Cant post my code because I'm new and it has links?
from bs4 import BeautifulSoup
from urllib.request import urlopen
url = "http://www.pythonforbeginners.com"
content = urlopen(url).read()
soup = BeautifulSoup(content)
print( soup.prettify())
#print(title)
#>> 'title'? Python For Beginners
#print soup.title.string
#>> ? Python For Beginners
print(soup.p)
remove the links.
You'll be able to use them after you make a few posts
Error:
Traceback (most recent call last):
File "/home/ubuntu/workspace/ex50/bin/firstsoup.py", line 1, in <module>
from bs4 import BeautifulSoup
ImportError: No module named 'bs4'
Process exited with code: 1
Sorry for the multiple reply chunks- bs4 is definitely installed, so I don't know what I'm doing wrong. Apologize in advance for my newbie/idiot status!
(Jun-26-2017, 06:40 PM)datafix Wrote: [ -> ]Sorry for the multiple reply chunks- bs4 is definitely installed,
It's not installed when you get that message.
pip3 install beautifulsoup4
You execute with
python3 firstsoup.py
Look at my
Linux Python 3 environment,
and your script is wrong in newer BeautifulSoup has to call a parser and don't use urllib look at
Web-Scraping part-1
I thought I was running v3 but in fact i was running v2. So I fixed that, reran it with v3 and got the same import error. Running on Cloud9- that shouldn't make a difference- do you think?

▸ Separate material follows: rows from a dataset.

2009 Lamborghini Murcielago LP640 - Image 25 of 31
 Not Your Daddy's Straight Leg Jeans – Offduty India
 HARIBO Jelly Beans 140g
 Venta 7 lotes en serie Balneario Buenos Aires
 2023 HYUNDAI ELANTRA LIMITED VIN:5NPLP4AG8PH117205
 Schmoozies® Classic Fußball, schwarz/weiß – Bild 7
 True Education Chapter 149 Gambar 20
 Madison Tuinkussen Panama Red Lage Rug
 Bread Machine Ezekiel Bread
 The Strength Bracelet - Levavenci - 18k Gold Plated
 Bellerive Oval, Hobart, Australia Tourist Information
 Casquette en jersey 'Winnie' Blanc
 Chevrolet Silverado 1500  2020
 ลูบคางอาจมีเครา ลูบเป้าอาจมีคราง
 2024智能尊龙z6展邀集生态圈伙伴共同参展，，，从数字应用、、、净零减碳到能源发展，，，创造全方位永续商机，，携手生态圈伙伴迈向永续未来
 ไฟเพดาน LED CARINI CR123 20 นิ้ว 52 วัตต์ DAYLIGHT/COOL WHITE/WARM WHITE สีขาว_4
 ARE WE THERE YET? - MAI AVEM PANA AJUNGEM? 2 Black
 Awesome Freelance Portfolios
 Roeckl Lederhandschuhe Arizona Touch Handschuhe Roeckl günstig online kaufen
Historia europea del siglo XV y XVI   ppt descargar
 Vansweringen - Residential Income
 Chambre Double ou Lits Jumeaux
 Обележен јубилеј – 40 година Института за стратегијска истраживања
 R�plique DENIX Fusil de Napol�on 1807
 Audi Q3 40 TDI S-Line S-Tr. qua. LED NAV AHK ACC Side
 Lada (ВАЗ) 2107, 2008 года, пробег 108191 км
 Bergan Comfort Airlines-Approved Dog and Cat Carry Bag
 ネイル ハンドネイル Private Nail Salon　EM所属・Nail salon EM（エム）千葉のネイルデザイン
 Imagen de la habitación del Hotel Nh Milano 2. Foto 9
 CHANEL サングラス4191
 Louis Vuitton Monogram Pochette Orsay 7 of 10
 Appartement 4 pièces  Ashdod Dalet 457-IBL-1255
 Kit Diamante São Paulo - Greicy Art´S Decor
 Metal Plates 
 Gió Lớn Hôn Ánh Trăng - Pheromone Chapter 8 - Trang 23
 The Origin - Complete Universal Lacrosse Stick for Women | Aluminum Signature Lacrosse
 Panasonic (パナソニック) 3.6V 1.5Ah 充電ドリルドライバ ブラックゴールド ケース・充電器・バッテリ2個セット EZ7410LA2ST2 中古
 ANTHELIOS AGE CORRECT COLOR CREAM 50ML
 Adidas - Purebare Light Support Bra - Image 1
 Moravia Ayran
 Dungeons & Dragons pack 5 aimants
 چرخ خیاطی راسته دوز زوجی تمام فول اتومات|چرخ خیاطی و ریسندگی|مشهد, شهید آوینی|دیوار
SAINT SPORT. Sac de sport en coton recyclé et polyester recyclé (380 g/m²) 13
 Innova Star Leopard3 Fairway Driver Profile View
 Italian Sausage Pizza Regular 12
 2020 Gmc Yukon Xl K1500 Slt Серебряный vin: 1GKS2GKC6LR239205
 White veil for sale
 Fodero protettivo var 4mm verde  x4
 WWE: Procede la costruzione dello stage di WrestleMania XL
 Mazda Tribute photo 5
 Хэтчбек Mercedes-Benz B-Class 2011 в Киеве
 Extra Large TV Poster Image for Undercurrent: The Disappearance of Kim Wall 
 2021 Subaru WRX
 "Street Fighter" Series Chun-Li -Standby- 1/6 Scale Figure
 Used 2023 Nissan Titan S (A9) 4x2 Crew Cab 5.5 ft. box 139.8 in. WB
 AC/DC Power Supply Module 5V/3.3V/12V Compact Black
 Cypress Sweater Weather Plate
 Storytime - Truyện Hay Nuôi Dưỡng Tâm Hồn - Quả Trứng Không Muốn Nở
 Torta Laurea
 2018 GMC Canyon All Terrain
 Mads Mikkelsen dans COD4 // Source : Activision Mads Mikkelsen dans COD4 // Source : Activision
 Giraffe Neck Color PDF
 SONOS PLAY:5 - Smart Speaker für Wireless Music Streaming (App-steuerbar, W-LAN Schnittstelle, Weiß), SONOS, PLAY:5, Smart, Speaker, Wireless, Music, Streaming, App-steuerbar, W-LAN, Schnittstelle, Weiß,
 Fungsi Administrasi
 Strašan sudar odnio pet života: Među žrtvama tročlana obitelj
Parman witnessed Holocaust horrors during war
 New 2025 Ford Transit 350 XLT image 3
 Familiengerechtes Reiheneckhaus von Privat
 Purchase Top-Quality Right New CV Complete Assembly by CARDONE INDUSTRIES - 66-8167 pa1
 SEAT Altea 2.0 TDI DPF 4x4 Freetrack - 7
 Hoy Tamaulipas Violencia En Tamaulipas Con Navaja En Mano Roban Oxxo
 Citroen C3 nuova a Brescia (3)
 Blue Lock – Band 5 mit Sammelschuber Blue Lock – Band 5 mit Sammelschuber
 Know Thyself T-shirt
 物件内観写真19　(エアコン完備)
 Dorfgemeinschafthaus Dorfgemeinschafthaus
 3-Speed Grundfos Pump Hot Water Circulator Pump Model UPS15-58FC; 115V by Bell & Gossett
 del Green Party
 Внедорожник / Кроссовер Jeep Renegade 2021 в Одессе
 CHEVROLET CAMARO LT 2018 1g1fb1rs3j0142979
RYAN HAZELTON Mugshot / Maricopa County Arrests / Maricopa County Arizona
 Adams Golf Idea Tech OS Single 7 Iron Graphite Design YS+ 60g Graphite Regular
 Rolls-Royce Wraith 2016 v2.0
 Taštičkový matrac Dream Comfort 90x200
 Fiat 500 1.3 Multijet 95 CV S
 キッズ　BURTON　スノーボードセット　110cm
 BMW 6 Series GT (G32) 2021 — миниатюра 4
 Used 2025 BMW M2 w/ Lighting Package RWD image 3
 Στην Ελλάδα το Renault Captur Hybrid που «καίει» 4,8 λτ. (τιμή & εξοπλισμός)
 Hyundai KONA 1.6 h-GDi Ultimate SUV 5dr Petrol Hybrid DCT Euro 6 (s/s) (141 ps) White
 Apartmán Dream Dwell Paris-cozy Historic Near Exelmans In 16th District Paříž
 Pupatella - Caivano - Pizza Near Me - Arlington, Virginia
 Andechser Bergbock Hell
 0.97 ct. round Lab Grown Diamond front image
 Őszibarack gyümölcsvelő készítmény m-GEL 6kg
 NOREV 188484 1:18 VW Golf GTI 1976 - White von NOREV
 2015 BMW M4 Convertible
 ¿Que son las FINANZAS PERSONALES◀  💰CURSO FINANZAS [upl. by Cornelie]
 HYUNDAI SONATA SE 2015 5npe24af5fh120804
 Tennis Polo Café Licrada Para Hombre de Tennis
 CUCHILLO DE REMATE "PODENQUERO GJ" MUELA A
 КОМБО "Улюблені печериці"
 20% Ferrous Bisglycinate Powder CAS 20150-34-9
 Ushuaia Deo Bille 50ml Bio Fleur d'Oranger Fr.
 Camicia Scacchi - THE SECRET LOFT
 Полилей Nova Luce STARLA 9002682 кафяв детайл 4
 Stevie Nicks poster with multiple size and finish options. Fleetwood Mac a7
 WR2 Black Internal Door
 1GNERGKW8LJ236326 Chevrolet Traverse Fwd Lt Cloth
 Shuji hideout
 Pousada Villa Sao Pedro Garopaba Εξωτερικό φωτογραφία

(Jun-27-2017, 06:34 PM)datafix Wrote: [ -> ]Running on Cloud9- that shouldn't make a difference- do you think?
I use
Cloud9 sometime myself.
Cloud9 has Python 2 and 3 installed,you have to
pip3 install module
,
and run code with
python3 myscript.py
Here a run at Cloud9.
# install modules
snippsat:~/workspace/bs4_test $ sudo pip3 install beautifulsoup4 requests lxml
Downloading/unpacking beautifulsoup4
Downloading beautifulsoup4-4.6.0-py3-none-any.whl (86kB): 86kB downloaded
Requirement already satisfied (use --upgrade to upgrade): requests in /usr/lib/python3/dist-packages
Downloading/unpacking lxml
Downloading lxml-3.8.0.tar.gz (3.8MB): 3.8MB downloaded
Running setup.py (path:/tmp/pip_build_root/lxml/setup.py) egg_info for package lxml
Building lxml version 3.8.0.
Building without Cython.
Using build configuration of libxslt 1.1.28
Successfully installed beautifulsoup4 lxml
Cleaning up...
# After install can run a interactive test
snippsat:~/workspace/bs4_test $ python3
Python 3.4.3 (default, Oct 14 2015, 20:28:29)
[GCC 4.8.4] on linux
Type "help", "copyright", "credits" or "license" for more information.
>>> import requests
>>> from bs4 import BeautifulSoup
>>>
>>> url = 'https://www.python.org/'
>>> url_get = requests.get(url)
>>> soup = BeautifulSoup(url_get.content, 'lxml')
>>> print(soup.select('head > title')[0].text)
Welcome to Python.org
>>>
Thanks so much for all of the feedback. I was off on another project, but I'm back. I'll try out these suggestions and let you know how it worked.
@
snippsat - Thanks! Your last post did the trick.